Quick local check (cURL)
curl -X POST https://localhost:3000/api/v1/edge/events \
-H "Authorization: Bearer dpfedge_<your_token>" \
-H "Content-Type: application/json" \
-d @- <<'JSON'
{
"runKey": "7c2d6f4a-3b1e-4d8a-9e1b-1234567890ab",
"observedAt": "2026-05-21T02:30:01Z",
"eventsVersion": "1",
"events": [{
"dedupKey": "ping:192.168.0.10:loss",
"source": "ping",
"component": "192.168.0.10",
"severity": "warn",
"action": "trigger",
"summary": "Packet loss to 192.168.0.10 (35% over 60s)",
"occurredAt": "2026-05-21T02:30:00Z"
}]
}
JSON
Change events (Slice 1)
Slice 1 of the detection engine. BI:
BI-8405FDA5. Spec:2026-05-21-edge-change-events-design.md.

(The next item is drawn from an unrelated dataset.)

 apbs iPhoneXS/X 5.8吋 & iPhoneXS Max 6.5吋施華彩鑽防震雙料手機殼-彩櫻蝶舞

Set eventType: "change" on an event to record a point-in-time fact — a deploy, config push,
feature-flag flip, infra apply — that the correlation engine (separate slice) joins to alerts that
fire shortly after. This is the highest-leverage pattern borrowed from PagerDuty’s PD-CEF model:
most production incidents trace back to a recent change, and surfacing the join shaves the
biggest single chunk off MTTR.
Wire shape: identical to an alert event. The discriminator is eventType. Omit it (or set
"alert") and the event lands in EdgeEvent with the Slice 0 lifecycle. Set it to "change"
and the event lands in ChangeEvent instead.
Semantic differences from alerts:
| Alerts | Changes | |
|---|---|---|
| Lifecycle | triggered → acknowledged → resolved (re-opens on later trigger) | Point-in-time only — no lifecycle, no resolvedAt, no occurrenceCount |
action |
Drives the state machine | Required by the wire schema for envelope uniformity, but ignored. Use "trigger". |
dedupKey |
Detector-composed (source:component:eventClass[:instance]) so flap noise collapses |
The change’s stable identifier — git SHA, deploy ID, change-ticket ref. Re-submitting with the same key updates summary + customDetails instead of duplicating. |
| Replay update | Bumps occurrenceCount; may reopen from resolved |
Refreshes summary / customDetails / lastSeenAt; firstSeenAt + occurredAt preserved so the original observation is pinned in time |
| Persistence | EdgeEvent table |
ChangeEvent table |
Useful severity |
info → critical based on detector confidence |
info for routine deploys, warn for canaries, error/critical for emergency hotfixes / rollbacks |
Useful customDetails |
Probe response, syslog body, varbinds | gitSha, deployedBy, targetEnv, runId, ticketRef, diff URL |
Example — a deploy:
{
"eventType": "change",
"dedupKey": "git.deploy:web@abcdef1",
"source": "git.deploy",
"component": "web",
"eventGroup": "deploy",
"eventClass": "deploy",
"severity": "info",
"action": "trigger",
"summary": "Deploy abcdef1 to web (production)",
"occurredAt": "2026-05-21T02:28:30Z",
"customDetails": {
"gitSha": "abcdef1",
"deployedBy": "ci-bot",
"targetEnv": "production"
}
}
A mixed batch (alerts + changes) is fine — they share one envelope and land in one transaction. The route response splits the counts:
{ "ok": true, "accepted": 4, "created": 2, "changes": 2, ... }
What this is NOT (yet)
Slice 0 + Slice 1 ship the envelope + ingest + per-event persistence only. There is no event list UI, no correlation engine joining alerts to changes, no escalation, no on-call. Those land in follow-on slices:
- Slice 2 — edge detector framework (registry/scheduler/bus/dedupe/transport in
edge-node-go) - Slice 3 — first built-in detector pack (reachability, SNMP poll+trap, syslog, ARP/DHCP, host self)
- Portal slice — alert ⇄ change correlation engine (N-minute window join)
- Portal slices A / B / C — incident lifecycle UX, escalation, on-call
Track the parent BI BI-9FE9D48D (foundation) and follow-on BI-8405FDA5 (Slice 1 change events).